HOW TO COMPLETE THIS TASK
With the pictures left aside, write out exactly the lines of the listing below from the line with "Volkswagen Sharan 1.4" to the line with "CM5A-12A650-XB ecm ecu", both included, and only those.

===== PROVIDED RECORDS =====

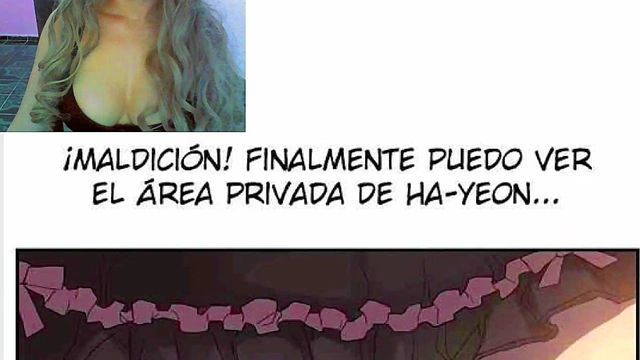 Stepmom Toomics Chap 5 – Anime Erotic Comic With My Hot Madrastra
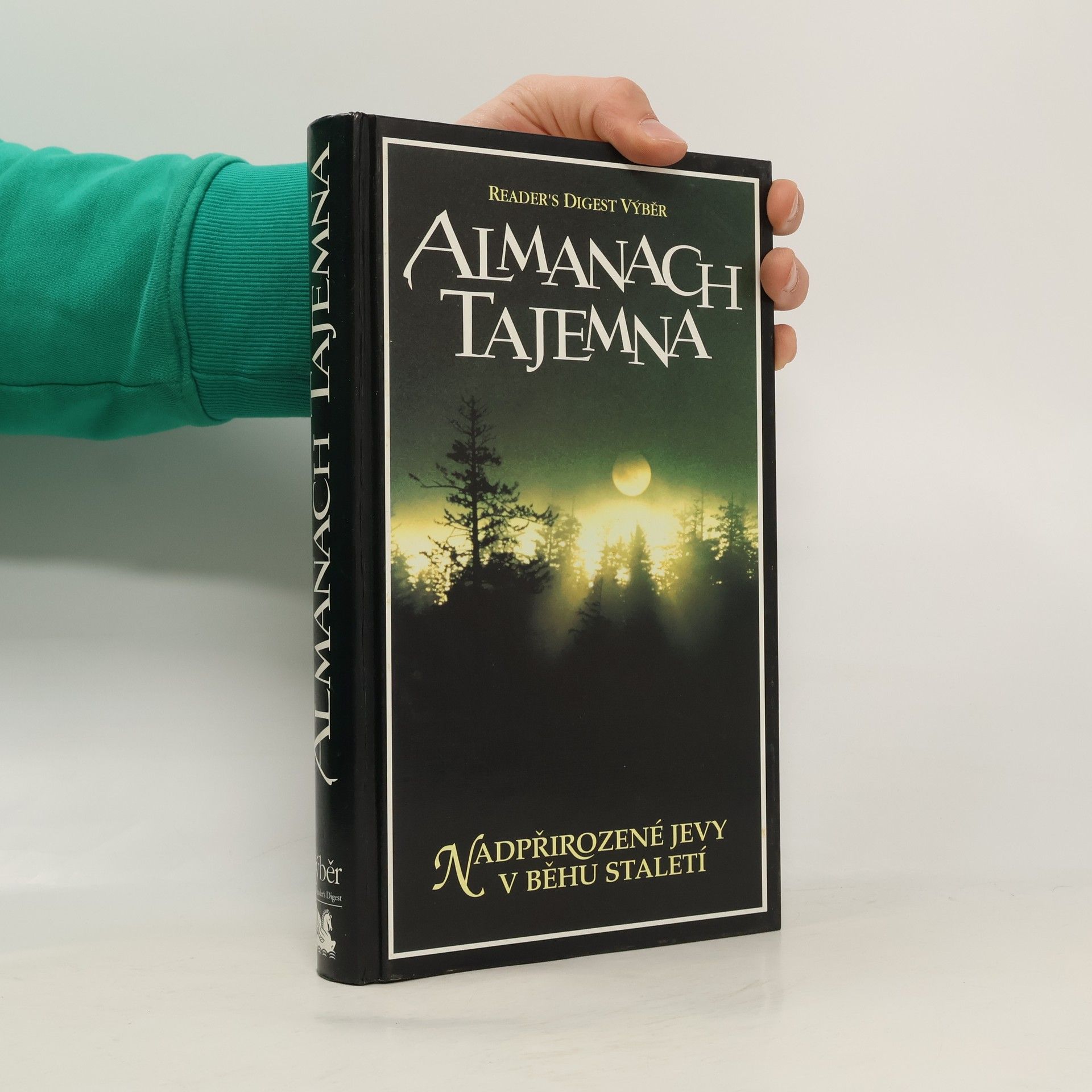 Kolektív autorov Almanach tajemna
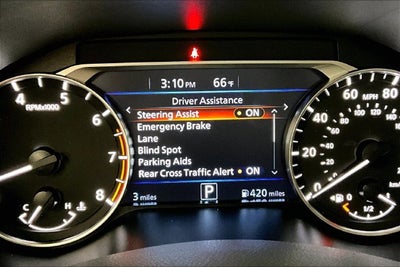 2026 Nissan Altima 2.5 SR AWD - Premium Package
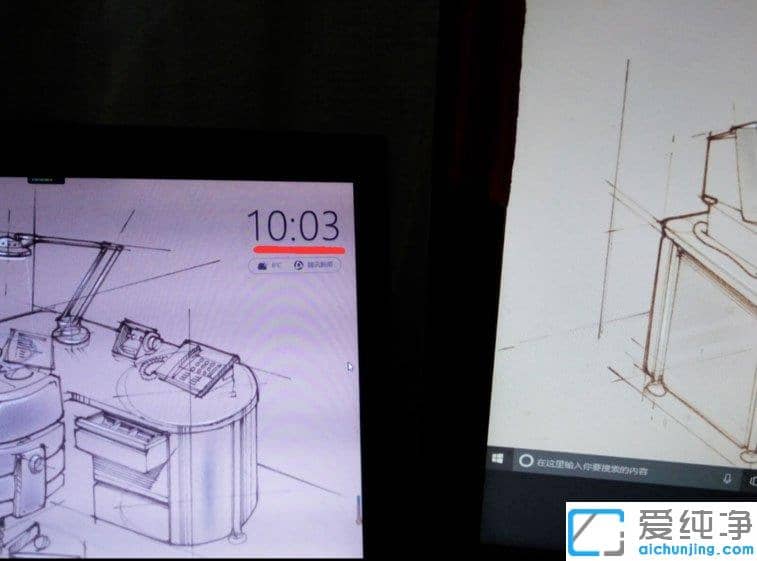 Win10纯净版显示器提示输入不支持怎么解决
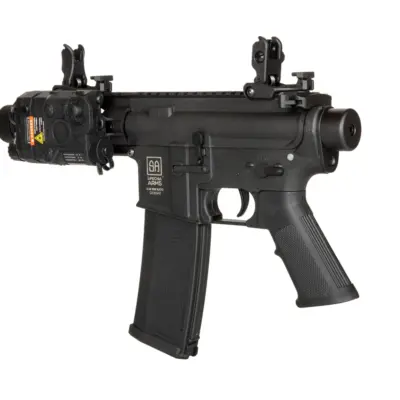 Replika karabinka SA-C18 CORE™ - czarna OD-G-SPE-01-021865-00 asgbox.pl
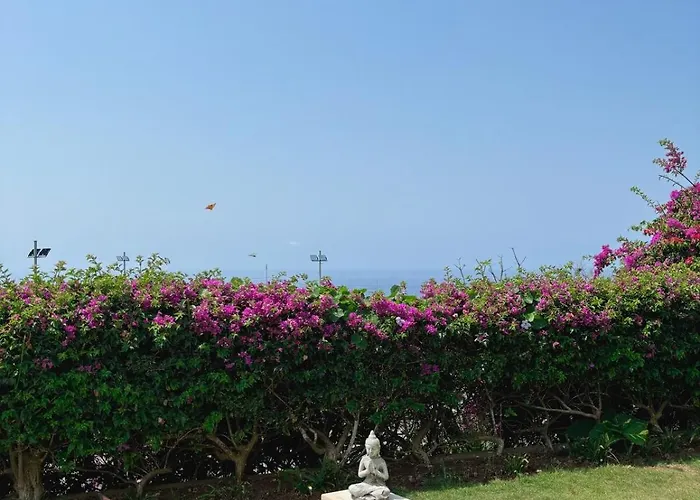 Villa Casa Bellanita Modern 2br Ocean View In - Near Savaya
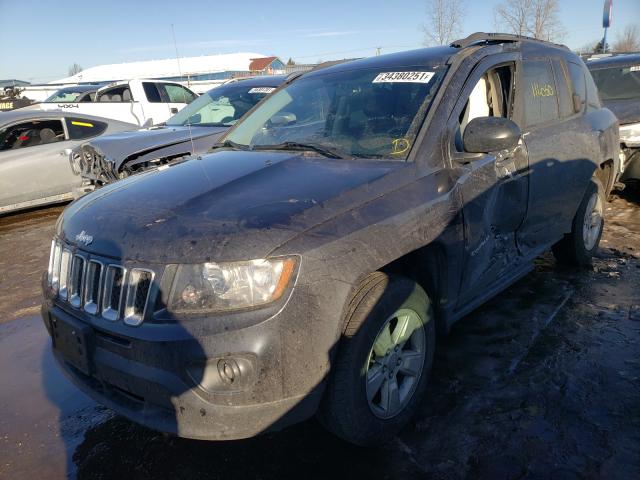 Photo 1 VIN: 1C4NJCBA5ED843461 - JEEP COMPASS SP 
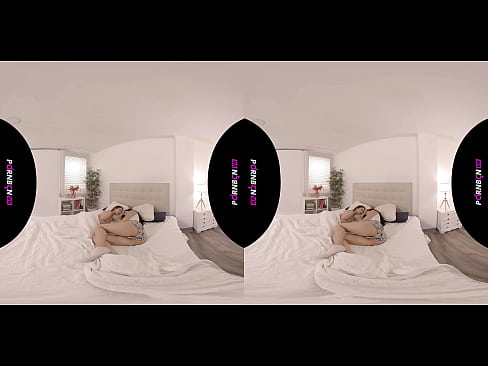 ❤️ PORNBCN VR Tanora lesbiana roa nifoha tandroka tamin'ny zava-misy virtoaly 4K 180 3D Geneva Bellucci Katrina Moreno Analy pôrnôgrafia amin'ny pôrnôgrafia mg.porn-mz-com.ru ️❤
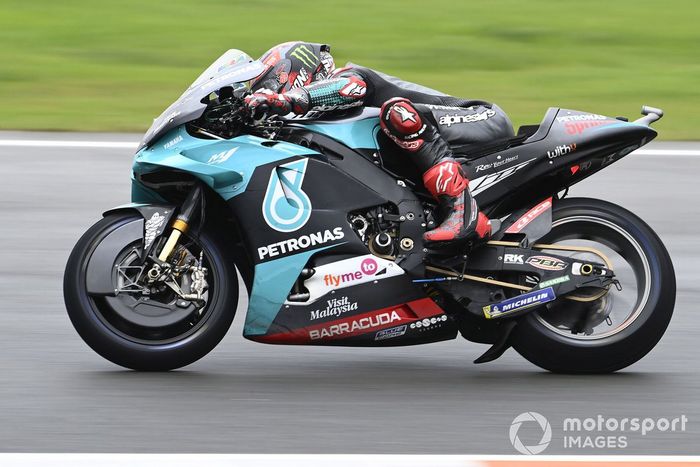 Fabio Quartararo, Petronas Yamaha SRT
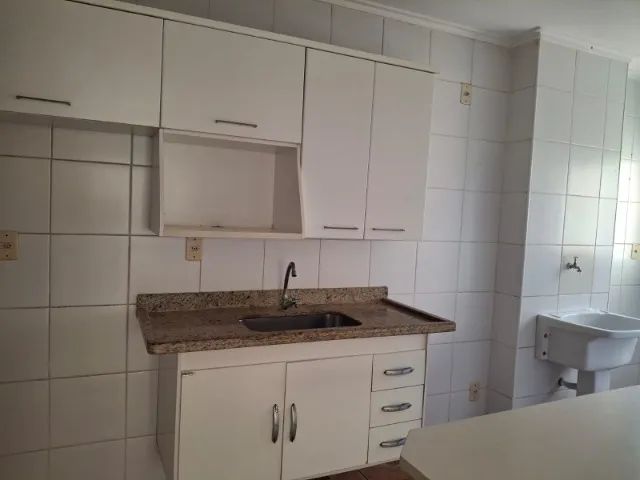Apartamento - Res. das Flores - 2 dormitórios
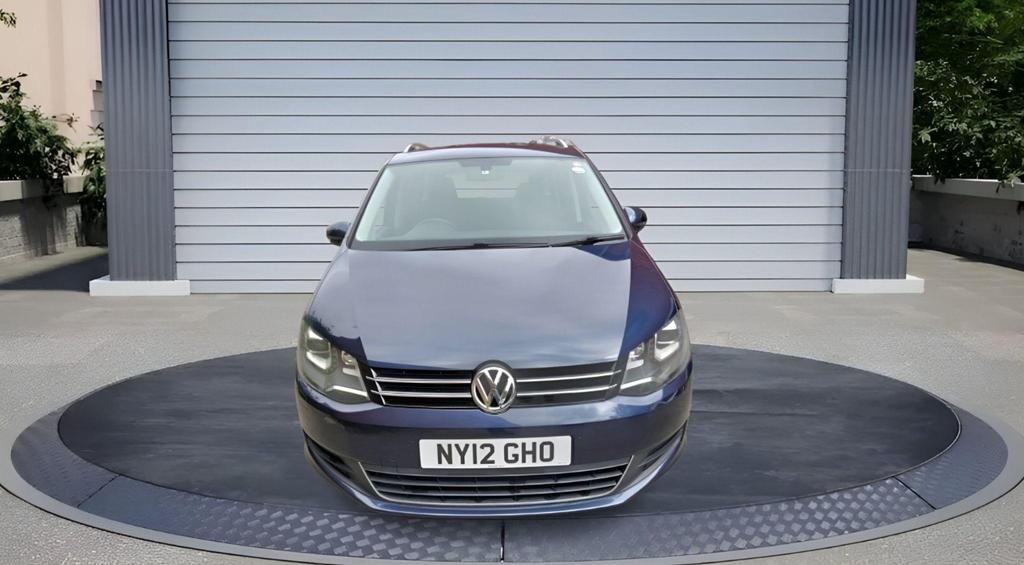 Volkswagen Sharan 1.4 TSI BlueMotion Tech S DSG Euro 5 (s/s) 5dr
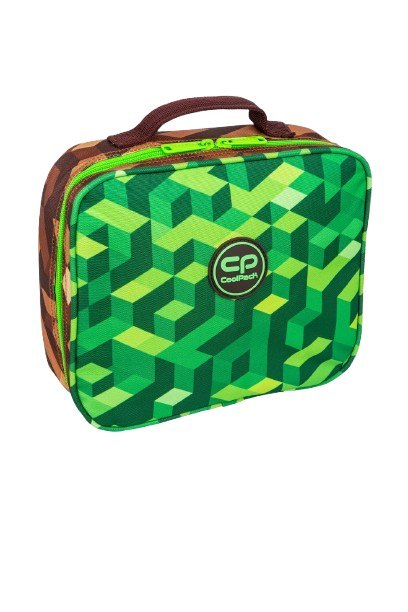 COOLPACK - COOLER BAG - ŚNIADANIÓWKA TERMICZNA - CITY JUNGLE COOLPACK - COOLER BAG - ŚNIADANIÓWKA TERMICZNA - CITY JUNGLE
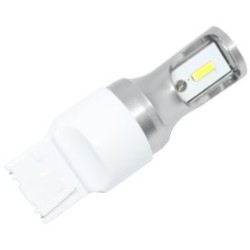 Led λάμπα T20 με 2 1860 chip super bright led με Canbus μονού φωτισμού λευκή - 1τμχ. Led λάμπα T20 με 2 1860 chip super bright led με Canbus μονού φωτισμού λευκή - 1τμχ.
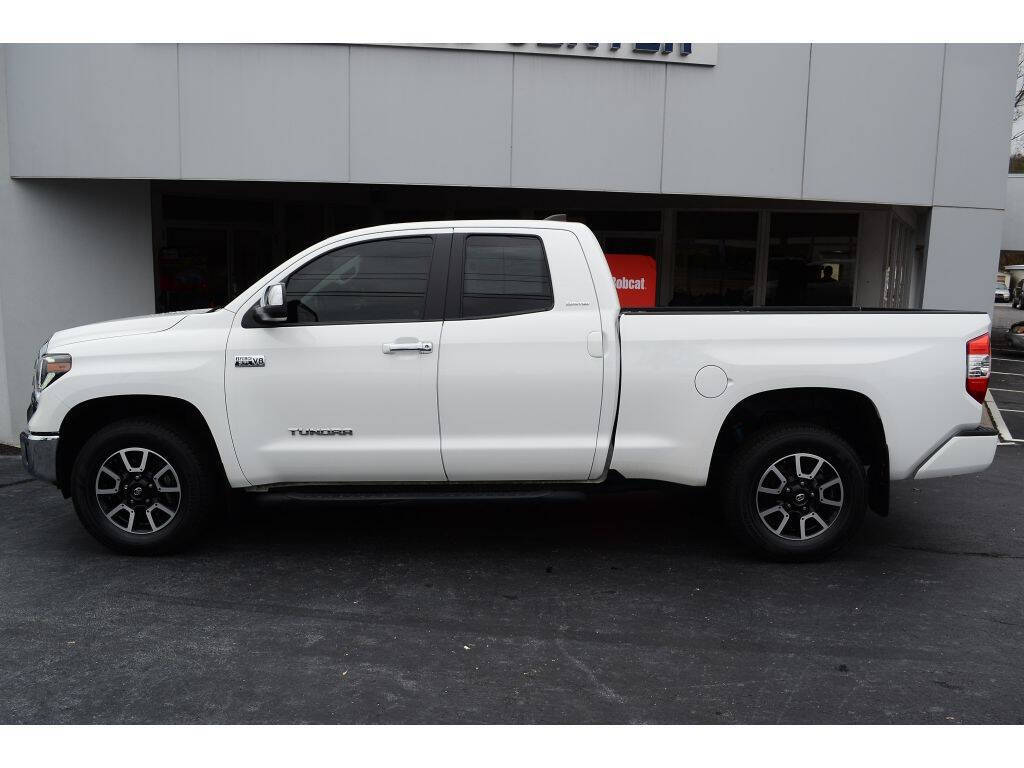 2020 Toyota Tundra for sale at EARL DUFF PRE-OWNED CENTER in Harriman, TN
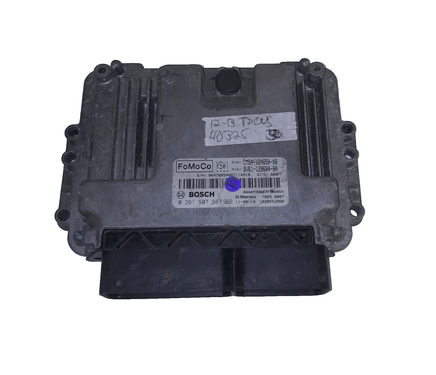 CM5A-12A650-XB ecm ecu computer 2012-2013 Ford Focus **Tested** - Swan Auto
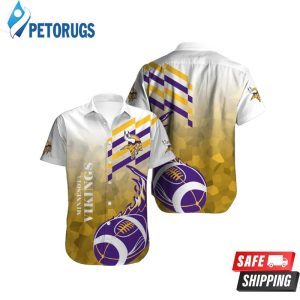 Minnesota Vikings Hawaiian Shirt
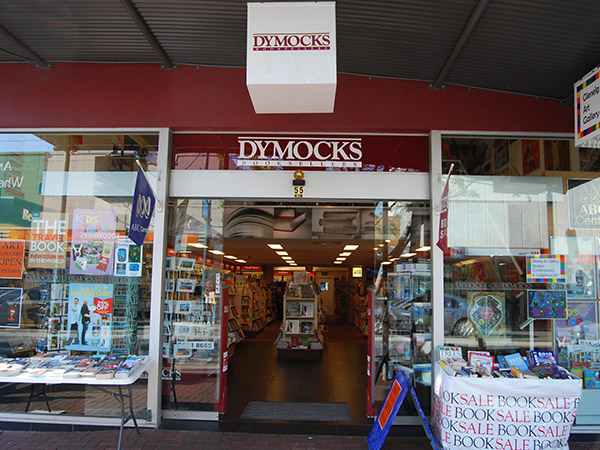dymocks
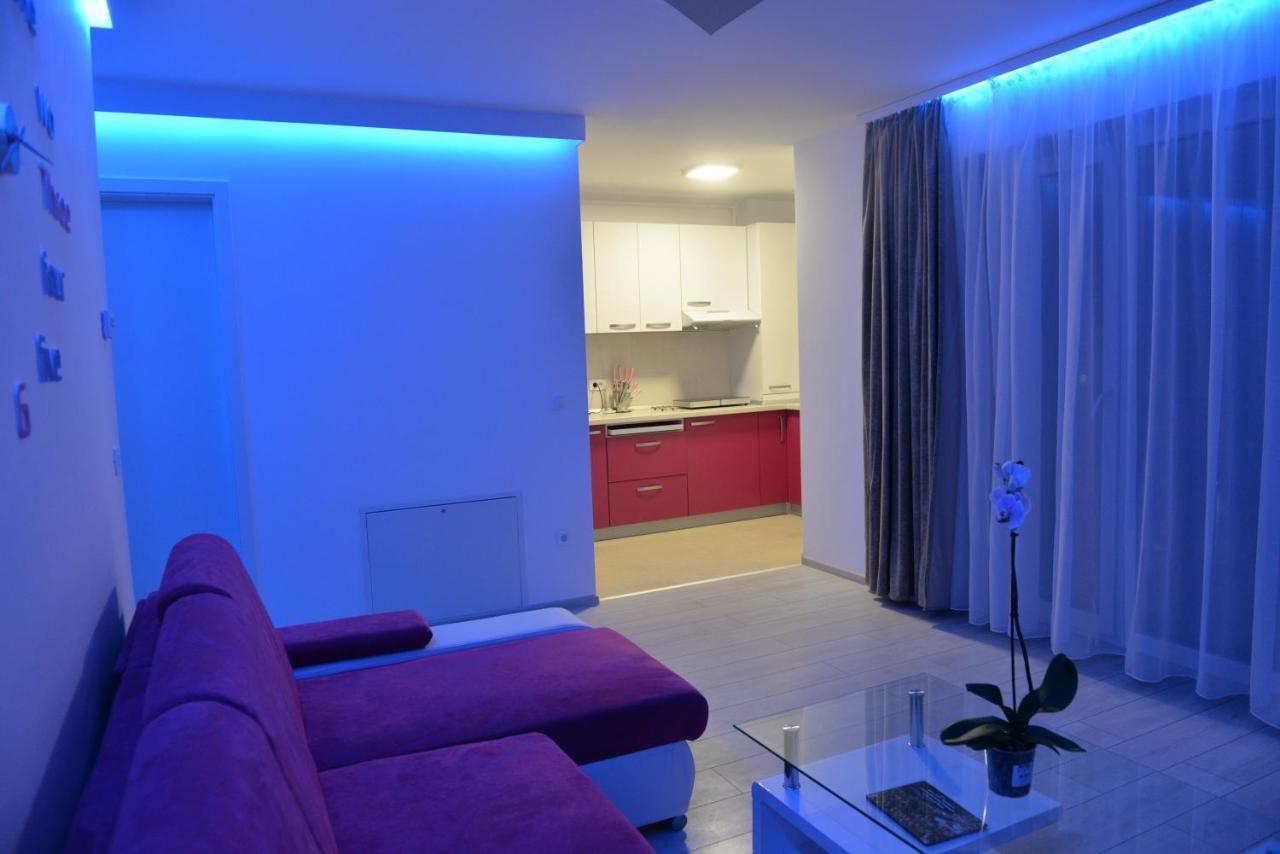 Coresi Deluxe Apartment Brassó Kültér fotó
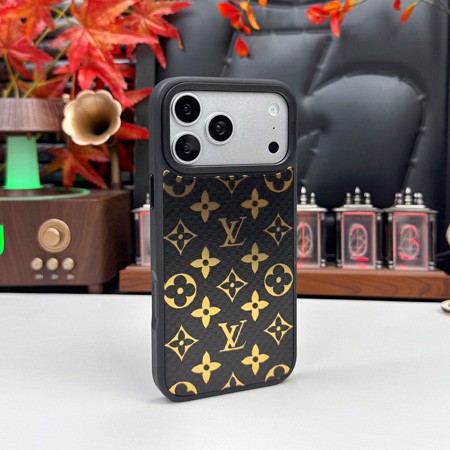 iphone16 ケース Louis Vuitton風 おすすめ ストリート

=====

SOLUTION
 Volkswagen Sharan 1.4 TSI BlueMotion Tech S DSG Euro 5 (s/s) 5dr
 COOLPACK - COOLER BAG - ŚNIADANIÓWKA TERMICZNA - CITY JUNGLE COOLPACK - COOLER BAG - ŚNIADANIÓWKA TERMICZNA - CITY JUNGLE
 Led λάμπα T20 με 2 1860 chip super bright led με Canbus μονού φωτισμού λευκή - 1τμχ. Led λάμπα T20 με 2 1860 chip super bright led με Canbus μονού φωτισμού λευκή - 1τμχ.
 2020 Toyota Tundra for sale at EARL DUFF PRE-OWNED CENTER in Harriman, TN
 CM5A-12A650-XB ecm ecu computer 2012-2013 Ford Focus **Tested** - Swan Auto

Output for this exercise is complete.